File to DataFrame Loader

DataLoader module is used to load data files content into a dataframe using custom loader function. This loader function can be configured to use different processing methods, such as single-threaded, multiprocess, dask, or dask_thread, as determined by the MORPHEUS_FILE_DOWNLOAD_TYPE environment variable. When download_method starts with “dask,” a dask client is created to process the files, otherwise, a single thread or multiprocess is used.

After processing, the resulting dataframe is cached using a hash of the file paths. This loader also has the ability to load file content from S3 buckets, in addition to loading data from the disk.

Example Loader Configuration

Using below configuration while loading DataLoader module, specifies that the DataLoader module should utilize the file_to_df loader when loading files into a dataframe.

Copy
Copied!

            
            {
	"loaders": [{
		"id": "file_to_df"
	}]
}

Note : Loaders can receive configuration from the load task via control message during runtime.
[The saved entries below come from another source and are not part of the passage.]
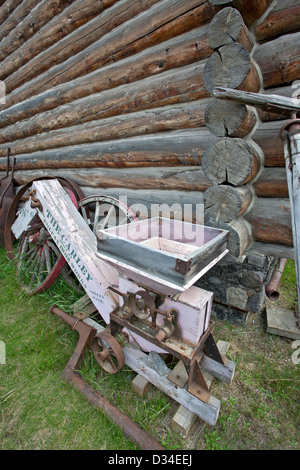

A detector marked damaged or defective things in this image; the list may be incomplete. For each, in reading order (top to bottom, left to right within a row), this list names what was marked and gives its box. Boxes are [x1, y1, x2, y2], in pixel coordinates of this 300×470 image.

rusty metal bar [266, 258, 288, 300]
rusty metal bar [50, 304, 165, 452]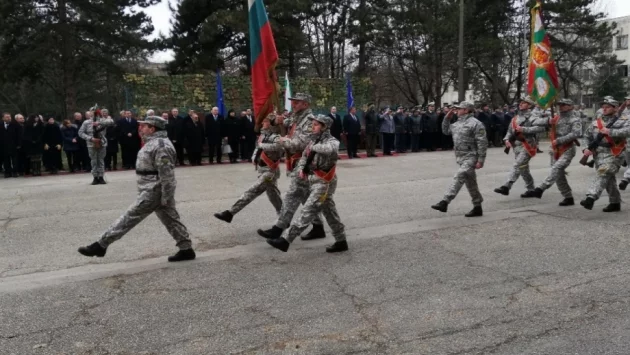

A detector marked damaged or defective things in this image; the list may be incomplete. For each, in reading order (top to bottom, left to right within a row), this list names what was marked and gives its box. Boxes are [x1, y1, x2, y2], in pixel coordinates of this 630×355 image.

cracked pavement [1, 146, 630, 354]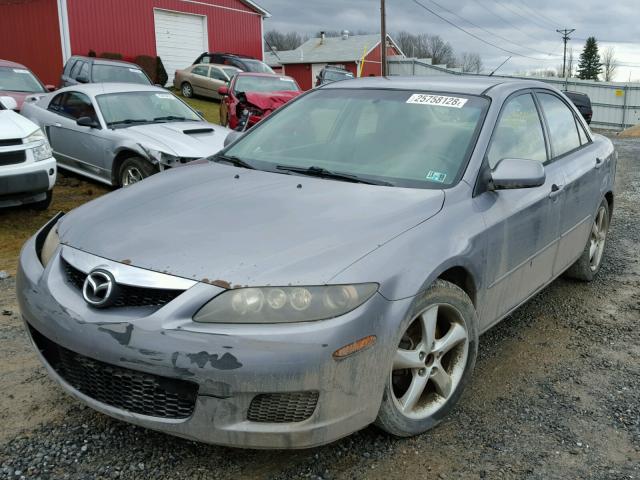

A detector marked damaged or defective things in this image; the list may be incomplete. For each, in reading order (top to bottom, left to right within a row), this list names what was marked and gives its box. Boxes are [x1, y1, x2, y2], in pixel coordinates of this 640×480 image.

rusty panel [0, 0, 63, 85]
rusty panel [67, 0, 262, 62]
damaged red car [219, 72, 302, 130]
damaged front bumper [18, 231, 416, 448]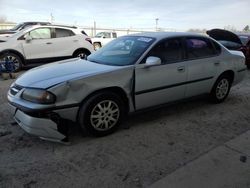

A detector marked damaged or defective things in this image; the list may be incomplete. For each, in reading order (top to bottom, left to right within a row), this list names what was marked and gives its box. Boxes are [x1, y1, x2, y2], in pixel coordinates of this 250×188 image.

Task Configurable Parameters

The parameters that can be configured for this specific loader at load task level:

Parameter	Type	Description	Example Value	Default Value
`batcher_config`	dictionary	Options for batching	See below	`[Required]`
`files`	array	List of files to load	[“/path/to/input/files”]	`[]`
`loader_id`	string	Unique identifier for the loader	“file_to_df”	`[Required]`

batcher_config

Key	Type	Description	Example Value	Default Value
`cache_dir`	string	Directory to cache the rolling window data	“/path/to/cache”	`-`
`file_type`	string	Type of the input file	“csv”	`"JSON"`
`filter_null`	boolean	Whether to filter out null values	true	`false`
`parser_kwargs`	dictionary	Keyword arguments to pass to the parser	{“delimiter”: “,”}	`-`
`schema`	dictionary	Schema of the input data	See Below	`-`
`timestamp_column_name`	string	Name of the timestamp column	“timestamp”	`-`

Example Load Task Configuration

Below JSON configuration specifies how to pass additional configuration to the loader through a control message task at runtime.

Copy
Copied!

            
            {
	"type": "load",
	"properties": {
		"loader_id": "file_to_df",
		"files": ["/path/to/input/files"],
		"batcher_config": {
			"timestamp_column_name": "timestamp_column_name",
			"schema": "string",
			"file_type": "JSON",
			"filter_null": false,
			"parser_kwargs": {
				"delimiter": ","
			},
			"cache_dir": "/path/to/cache"
		}
	}
}

Note : The file_batcher module currently generates tasks internally and assigns them to control messages, and then sends them to DataLoader module which uses file_to_df_loader. Having stated that, this loader configuration is obtained from the File Batcher module configuration.